Most states follow the employment-at-will doctrine, and employment for an indefinite term may be terminated at will and without cause. Absent a specific contract term to the contrary, this doctrine allows an employee to quit or be terminated without liability on the part of the employer or the employee, with or without cause.
A discharged employee who asserts that the parties have contractually agreed to limit the employer’s right to terminate the employee at will has the burden of proving an express agreement or written representation to that effect. To rebut the presumption of employment at will, an employment contract must directly limit—in a meaningful and special way—the employer’s right to terminate the employee without cause.
In an employment-at-will situation, an employee policy handbook or manual does not, by itself, constitute a binding contract for the benefits and policies stated unless the manual uses language clearly indicating an intent to do so. In those cases holding that personnel manuals may create contractual rights, there is either language in the manuals expressing contractual intent, or the manuals were complemented by oral agreements making the policy provisions binding.
Thus, to prove a claim for wrongful discharge in breach of an employment agreement, a plaintiff must prove (1) the plaintiff had an enforceable employment agreement that directly limited—in a meaningful and special way—the employer’s right to terminate the employee without cause; (2) the plaintiff performed, tendered performance, or was excused from performing the contractual obligations; (3) the defendant breached the contract by wrongfully discharging the plaintiff from employment; and (4) the defendant’s breach of the employment contract caused the plaintiff damage.
The employment at will doctrine does not permit an employer to discriminate against an employee in violation of state or federal law, including Title VII of the Civil Rights Act of 1964 (42 U.S.C. §2000e); the Age Discrimination in Employment Act of 1967 (ADEA) (29 U.S.C. §621); and the Americans with Disabilities Act of 1990 (ADA) (42 U.S.C. §12101).

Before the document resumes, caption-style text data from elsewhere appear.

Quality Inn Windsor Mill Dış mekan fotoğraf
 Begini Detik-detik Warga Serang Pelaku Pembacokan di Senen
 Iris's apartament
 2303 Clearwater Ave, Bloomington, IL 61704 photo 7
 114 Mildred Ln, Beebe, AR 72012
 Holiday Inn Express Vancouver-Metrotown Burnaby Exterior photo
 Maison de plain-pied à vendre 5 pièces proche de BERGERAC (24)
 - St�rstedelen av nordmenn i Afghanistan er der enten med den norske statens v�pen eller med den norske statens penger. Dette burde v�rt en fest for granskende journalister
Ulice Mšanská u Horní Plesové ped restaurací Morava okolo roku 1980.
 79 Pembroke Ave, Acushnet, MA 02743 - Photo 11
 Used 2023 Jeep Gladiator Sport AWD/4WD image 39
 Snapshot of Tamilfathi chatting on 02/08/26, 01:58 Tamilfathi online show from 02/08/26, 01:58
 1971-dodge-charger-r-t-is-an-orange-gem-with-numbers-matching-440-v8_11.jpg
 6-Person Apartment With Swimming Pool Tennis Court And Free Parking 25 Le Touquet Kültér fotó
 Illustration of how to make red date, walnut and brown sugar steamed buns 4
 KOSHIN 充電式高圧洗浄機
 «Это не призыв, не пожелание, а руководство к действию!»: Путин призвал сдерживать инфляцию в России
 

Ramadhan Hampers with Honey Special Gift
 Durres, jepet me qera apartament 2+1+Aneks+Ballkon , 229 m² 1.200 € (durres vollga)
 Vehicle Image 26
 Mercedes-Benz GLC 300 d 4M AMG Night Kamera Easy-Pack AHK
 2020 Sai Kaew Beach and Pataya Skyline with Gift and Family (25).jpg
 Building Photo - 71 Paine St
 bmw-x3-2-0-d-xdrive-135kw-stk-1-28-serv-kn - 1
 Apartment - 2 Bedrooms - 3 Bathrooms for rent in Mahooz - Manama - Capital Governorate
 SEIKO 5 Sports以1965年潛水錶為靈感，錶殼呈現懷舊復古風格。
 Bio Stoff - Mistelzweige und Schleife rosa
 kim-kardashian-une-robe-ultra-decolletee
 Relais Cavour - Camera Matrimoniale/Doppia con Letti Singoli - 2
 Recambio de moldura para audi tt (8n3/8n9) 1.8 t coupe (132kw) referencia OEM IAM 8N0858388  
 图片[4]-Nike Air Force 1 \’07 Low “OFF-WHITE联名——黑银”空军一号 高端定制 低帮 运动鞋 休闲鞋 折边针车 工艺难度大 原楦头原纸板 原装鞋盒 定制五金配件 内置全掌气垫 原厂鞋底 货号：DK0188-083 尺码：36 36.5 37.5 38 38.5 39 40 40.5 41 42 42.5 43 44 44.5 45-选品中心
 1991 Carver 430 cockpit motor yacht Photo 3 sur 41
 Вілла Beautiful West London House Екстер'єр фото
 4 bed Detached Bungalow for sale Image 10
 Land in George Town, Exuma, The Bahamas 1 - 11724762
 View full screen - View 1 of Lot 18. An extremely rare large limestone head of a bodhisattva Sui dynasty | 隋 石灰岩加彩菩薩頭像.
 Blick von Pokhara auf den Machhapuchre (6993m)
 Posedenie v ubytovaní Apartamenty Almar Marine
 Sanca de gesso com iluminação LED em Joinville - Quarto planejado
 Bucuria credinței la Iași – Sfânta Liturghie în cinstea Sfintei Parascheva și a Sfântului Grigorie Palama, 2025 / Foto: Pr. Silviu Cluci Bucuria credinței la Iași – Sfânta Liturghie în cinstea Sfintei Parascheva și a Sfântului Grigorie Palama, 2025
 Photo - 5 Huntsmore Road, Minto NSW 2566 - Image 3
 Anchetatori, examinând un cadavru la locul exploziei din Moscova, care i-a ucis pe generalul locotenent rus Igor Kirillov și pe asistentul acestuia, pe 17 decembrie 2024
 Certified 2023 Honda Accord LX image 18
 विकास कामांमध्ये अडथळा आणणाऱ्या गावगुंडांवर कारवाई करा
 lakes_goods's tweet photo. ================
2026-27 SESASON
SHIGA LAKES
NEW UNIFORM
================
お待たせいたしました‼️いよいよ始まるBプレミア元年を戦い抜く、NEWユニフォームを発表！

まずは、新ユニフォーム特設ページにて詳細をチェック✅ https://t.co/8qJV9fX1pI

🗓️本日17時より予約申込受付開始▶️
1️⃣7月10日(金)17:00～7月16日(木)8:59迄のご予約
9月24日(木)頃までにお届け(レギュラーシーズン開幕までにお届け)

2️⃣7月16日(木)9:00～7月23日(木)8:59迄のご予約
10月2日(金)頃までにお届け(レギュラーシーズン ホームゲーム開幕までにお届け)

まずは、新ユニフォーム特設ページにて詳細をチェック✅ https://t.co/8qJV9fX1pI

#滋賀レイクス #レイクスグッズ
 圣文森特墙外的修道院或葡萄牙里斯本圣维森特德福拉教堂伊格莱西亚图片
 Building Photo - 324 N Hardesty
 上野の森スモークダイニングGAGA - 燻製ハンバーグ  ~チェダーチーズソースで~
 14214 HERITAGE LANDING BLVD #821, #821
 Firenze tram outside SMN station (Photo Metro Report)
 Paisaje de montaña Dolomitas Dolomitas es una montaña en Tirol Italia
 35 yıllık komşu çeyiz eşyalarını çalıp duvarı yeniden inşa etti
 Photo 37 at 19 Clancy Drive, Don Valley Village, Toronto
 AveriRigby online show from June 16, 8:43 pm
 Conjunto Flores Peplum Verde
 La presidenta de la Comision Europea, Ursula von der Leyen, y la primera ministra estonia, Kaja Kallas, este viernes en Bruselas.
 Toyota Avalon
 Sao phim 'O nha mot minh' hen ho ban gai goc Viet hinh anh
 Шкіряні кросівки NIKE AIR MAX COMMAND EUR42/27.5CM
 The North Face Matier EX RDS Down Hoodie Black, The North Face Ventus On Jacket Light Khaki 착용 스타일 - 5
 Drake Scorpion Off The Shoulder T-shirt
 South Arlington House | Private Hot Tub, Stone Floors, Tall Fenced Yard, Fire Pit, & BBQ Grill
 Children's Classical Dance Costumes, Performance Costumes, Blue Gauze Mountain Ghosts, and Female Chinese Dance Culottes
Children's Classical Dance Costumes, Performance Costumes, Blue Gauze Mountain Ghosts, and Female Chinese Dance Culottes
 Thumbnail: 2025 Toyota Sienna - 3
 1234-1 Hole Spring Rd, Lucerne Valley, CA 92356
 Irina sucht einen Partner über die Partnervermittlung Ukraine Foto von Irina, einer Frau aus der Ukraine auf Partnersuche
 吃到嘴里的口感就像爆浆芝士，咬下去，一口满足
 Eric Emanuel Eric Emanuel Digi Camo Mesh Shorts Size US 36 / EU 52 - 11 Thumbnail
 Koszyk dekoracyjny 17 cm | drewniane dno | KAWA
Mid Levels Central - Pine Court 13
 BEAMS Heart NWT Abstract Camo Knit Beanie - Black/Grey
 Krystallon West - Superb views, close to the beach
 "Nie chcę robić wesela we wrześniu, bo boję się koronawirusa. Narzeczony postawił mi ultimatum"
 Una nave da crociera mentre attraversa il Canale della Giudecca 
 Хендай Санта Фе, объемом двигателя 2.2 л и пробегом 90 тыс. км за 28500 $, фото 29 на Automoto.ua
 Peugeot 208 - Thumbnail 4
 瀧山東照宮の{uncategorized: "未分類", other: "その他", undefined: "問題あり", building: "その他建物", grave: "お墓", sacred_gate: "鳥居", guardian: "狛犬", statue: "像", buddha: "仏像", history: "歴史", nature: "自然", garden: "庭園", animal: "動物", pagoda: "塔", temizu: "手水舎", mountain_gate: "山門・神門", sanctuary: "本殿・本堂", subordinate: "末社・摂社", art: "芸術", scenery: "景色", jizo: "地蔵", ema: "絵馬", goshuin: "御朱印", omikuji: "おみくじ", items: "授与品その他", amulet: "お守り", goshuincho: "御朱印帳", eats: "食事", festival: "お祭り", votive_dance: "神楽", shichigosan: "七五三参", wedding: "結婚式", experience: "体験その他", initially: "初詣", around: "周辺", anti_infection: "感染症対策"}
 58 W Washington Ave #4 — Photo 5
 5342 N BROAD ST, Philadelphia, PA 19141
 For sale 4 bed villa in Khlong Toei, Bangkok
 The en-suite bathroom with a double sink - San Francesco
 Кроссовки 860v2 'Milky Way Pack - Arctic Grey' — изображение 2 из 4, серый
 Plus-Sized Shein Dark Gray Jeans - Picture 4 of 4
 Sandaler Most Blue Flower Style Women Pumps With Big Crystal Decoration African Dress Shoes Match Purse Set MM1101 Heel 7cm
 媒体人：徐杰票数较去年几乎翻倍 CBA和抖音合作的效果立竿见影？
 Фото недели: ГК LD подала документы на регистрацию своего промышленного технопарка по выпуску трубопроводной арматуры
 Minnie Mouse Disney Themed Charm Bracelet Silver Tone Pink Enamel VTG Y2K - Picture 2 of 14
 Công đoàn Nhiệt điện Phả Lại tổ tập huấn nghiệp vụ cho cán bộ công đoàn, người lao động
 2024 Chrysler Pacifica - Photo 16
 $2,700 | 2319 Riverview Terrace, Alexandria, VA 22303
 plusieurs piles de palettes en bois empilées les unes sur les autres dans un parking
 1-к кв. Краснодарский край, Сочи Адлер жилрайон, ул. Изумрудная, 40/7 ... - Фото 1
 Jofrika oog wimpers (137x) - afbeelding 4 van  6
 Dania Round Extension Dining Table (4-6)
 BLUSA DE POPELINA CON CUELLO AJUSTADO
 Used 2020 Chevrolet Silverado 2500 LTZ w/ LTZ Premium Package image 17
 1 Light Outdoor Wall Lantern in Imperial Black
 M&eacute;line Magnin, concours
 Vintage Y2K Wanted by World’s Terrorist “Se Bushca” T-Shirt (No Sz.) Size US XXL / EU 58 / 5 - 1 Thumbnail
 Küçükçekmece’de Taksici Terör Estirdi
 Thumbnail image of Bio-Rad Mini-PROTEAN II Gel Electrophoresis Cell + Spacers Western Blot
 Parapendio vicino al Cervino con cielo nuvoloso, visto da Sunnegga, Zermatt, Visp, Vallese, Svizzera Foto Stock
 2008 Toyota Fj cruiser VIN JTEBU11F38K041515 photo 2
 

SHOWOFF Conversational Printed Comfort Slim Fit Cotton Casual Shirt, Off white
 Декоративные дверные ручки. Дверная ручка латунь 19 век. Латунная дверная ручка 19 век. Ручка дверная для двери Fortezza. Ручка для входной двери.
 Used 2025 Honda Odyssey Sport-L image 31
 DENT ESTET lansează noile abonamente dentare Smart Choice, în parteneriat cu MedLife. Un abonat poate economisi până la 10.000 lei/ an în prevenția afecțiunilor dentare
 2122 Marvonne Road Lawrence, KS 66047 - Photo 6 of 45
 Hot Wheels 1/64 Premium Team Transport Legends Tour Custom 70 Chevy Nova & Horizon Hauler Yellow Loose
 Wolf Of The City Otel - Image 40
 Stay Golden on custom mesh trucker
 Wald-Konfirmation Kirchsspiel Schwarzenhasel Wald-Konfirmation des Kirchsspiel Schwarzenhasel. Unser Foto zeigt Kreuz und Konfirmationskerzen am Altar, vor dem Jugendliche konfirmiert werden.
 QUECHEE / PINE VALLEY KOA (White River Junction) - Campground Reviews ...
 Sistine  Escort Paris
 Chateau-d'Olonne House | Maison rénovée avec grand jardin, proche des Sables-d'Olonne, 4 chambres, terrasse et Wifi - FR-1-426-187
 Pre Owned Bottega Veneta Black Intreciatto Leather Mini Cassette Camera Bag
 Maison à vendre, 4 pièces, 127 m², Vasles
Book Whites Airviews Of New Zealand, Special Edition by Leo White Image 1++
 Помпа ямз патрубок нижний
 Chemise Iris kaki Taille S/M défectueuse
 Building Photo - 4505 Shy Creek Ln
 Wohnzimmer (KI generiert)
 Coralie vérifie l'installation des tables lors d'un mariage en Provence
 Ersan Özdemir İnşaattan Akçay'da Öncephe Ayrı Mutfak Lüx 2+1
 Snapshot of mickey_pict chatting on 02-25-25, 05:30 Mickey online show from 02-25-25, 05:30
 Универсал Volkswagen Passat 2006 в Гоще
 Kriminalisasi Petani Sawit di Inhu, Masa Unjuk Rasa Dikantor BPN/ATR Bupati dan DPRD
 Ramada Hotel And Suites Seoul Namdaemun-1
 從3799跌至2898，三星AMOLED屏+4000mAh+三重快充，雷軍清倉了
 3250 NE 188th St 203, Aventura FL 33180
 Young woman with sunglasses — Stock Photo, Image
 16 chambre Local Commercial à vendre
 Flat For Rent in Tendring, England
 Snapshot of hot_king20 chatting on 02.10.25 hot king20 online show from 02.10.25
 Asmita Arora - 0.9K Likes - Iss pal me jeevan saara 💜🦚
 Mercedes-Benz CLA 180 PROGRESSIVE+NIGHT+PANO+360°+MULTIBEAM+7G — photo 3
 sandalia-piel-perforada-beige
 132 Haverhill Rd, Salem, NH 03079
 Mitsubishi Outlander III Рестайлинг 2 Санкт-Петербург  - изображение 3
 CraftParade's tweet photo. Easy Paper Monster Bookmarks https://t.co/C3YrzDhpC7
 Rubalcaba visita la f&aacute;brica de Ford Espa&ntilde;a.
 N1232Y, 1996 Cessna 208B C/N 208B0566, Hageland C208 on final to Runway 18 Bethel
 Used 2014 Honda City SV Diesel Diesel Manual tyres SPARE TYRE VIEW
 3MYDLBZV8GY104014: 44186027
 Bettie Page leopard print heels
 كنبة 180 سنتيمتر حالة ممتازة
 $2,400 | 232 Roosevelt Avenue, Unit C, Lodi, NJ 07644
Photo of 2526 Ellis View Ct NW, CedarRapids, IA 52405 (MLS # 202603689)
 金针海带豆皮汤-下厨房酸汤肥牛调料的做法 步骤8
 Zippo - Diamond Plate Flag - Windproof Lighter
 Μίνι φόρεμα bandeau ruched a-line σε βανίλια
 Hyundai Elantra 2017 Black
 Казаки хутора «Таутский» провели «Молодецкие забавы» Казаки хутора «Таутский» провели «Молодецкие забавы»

In Ohio, as in most states, the default employment relationship is 'at-will,' meaning either the employer or the employee can terminate the employment relationship at any time for any reason, or for no reason at all, without facing legal liability. This presumption can be rebutted if the employee can demonstrate the existence of an employment contract that specifically limits the employer's right to terminate without cause. Such limitations must be clear and significant, and may arise from express agreements or written representations. Employee handbooks or policy manuals generally do not create binding contracts unless they contain language that clearly indicates an intent to offer contractual rights, or are supplemented by oral agreements that enforce the policies as binding. To establish a wrongful discharge claim, an employee must prove the existence of an enforceable employment agreement that restricts termination without cause, fulfillment of their own contractual obligations, that the employer breached the contract by wrongfully terminating them, and that this breach caused damages. However, the at-will doctrine does not override legal protections against discrimination based on state or federal laws, such as Title VII of the Civil Rights Act, the ADEA, and the ADA.